John Cornetta, a former president for the Long Island organization, encouraged the contractors — as well as National Grid representatives, legislative lobbyists and politicians — to instead support S.7467 in the state senate, which he says would prevent local and municipal governments from banning natural gas.
That bill was introduced by Manhattan state senator Brian Kavanagh and Brooklyn Assemblywoman Emily Gallagher introduced the “all-electric” bill with the hopes of decreasing greenhouse gas emissions and air pollution on new construction projects. The bills are intended to ensure no city, town or village could issue new building construction permits powered only by electricity beginning in 2024, outside of rare exceptions. Those exceptions, according to the bill, can’t be based on financial considerations.
Kavanagh’s bill has been in committee since last May, and has been amended twice since then.
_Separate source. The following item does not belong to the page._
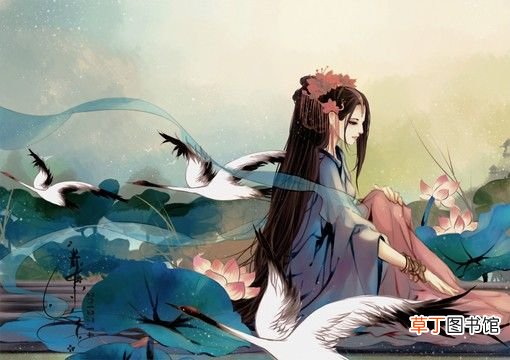 待我长发及腰下一句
Lawmakers passed the Climate Leadership and Community Protection Act in 2019, setting a goal to limit statewide greenhouse emissions to 40 percent of 1990 levels by 2030, and 85 percent by 2050. It was authored by state Sen. Todd Kaminsky, who represents Oceanside and Rockville Centre, among other communities.
Democratic gubernatorial hopeful and current congressman Tom Suozzi appeared to signal his opposition to the “all-electric” bills.
“If we do this stuff the way we’re doing it in New York state just trying to do it all on our own, utility rates are going to skyrocket,” he said. “We’re going to put a bunch of labor people out of work, and we’re going to screw up the competitiveness of New York.”
But building emissions “account for a staggering 32 percent” of the state’s greenhouse gas emissions, Kaminsky told the Herald in a statement, “so we must work hard to cut that number.
“I am committed to seeing our state meet its aggressive climate goals. However, we must collaborate with industry representatives on a reasonable timeframe to ensure we achieve those goals.”
National Grid representatives pointed to flaws they see in the Kavanagh bill, but also shared some alternatives to the bill. Don Chahbazpour, the company’s regulatory strategy director, shared a study National Grid released last year that revealed it could take the utility more than 25 years to convert natural gas heating to electricity.
National Grid’s own plan to achieve net-zero carbon emissions and cleaner heating by blending hydrogen produced by solar and wind farms with their gas networks to create biogas. The company has proposed a geothermal energy project in Massachusetts to test the potential for low-carbon heating and cooling.
Chuck White, PHCC’s regulatory affairs national vice president, sees the all-electric legislation as simply impractical. Renewable energies like hydroelectric, wind and solar would have to have to expand quickly if it wants to come close to replacing the what’s generated by fossil fuels.
“My father used to say, ‘If you want to save energy, turn it off,’” White said. “That’s the best way to save energy, and they’re going to do it. If the grid gets in trouble, they’re going to have to shut stuff off, or it will collapse.”